Peadar Tóibín
Ceist:617. Deputy Peadar Tóibín asked the Minister for Health if a drug will be released to a person (details supplied); and if he will make a statement on the matter. [4596/20]
Amharc ar fhreagraWednesday, 13 May 2020
Ceisteanna (617)
Freagraí scríofa
The HSE has statutory responsibility for medicine pricing and reimbursement decisions in accordance with the Health (Pricing and Supply of Medical Goods) Act 2013 which specifies the criteria for decisions on the reimbursement of medicines. The 2013 Act does not give the Minister for Health any powers in this regard. The HSE does not require approval or consent from the Minister or Government when making a reimbursement decision. As Minister for Health, it would be inappropriate for me to comment on individual cases.
In line with the 2013 Health Act and the national framework agreed with industry, if a company would like a medicine to be reimbursed by the HSE, the company must submit an application to the HSE to have the new medicine added to the reimbursement list.
Reimbursement is for licensed indications which have been granted market authorisation by the European Medicines Agency or the Health Products Regulatory Authority.
I am advised by the HSE that it has received two applications for the reimbursement of Osimertinib (Tagrisso):
1) The treatment of adult patients with locally advanced or metastatic EGFR T790M mutation-positive non-small cell lung cancer (NSCLC).
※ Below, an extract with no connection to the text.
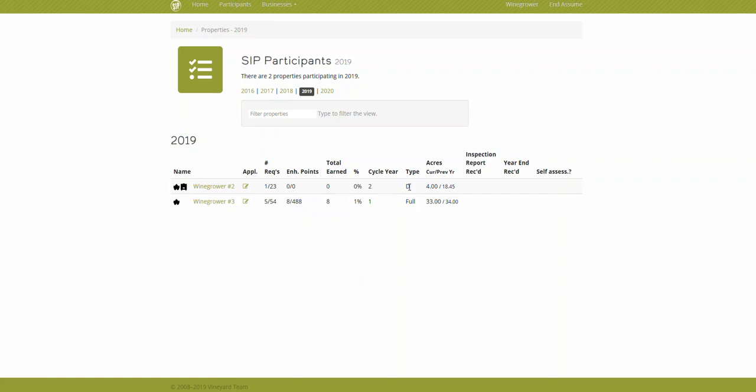So for a documentation inspection you would answer questions that are marked with a D, and we'll show that in just a second. Documentation on site would answer questions that are marked with a D and ones marked with a D plus O.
In May 2018, the NCPE recommended that osimertinib not be considered for reimbursement for this indication unless cost-effectiveness can be improved relative to existing treatments. The application has had a positive recommendation from the HSE Drugs Committee and is currently under consideration by the HSE in line with the 2013 Health Act.
2) The first-line treatment of adult patients with locally advanced or metastatic NSCLC with activating epidermal growth factor receptor (EGFR) mutations.
In respect of this indication, a health technology assessment was completed on 6 August 2019 with the NCPE recommending that Osimertinib not be considered for reimbursement unless cost effectiveness can be improved relative to existing treatments. The HSE will assess this application for reimbursement in line with the 2013 Health Act.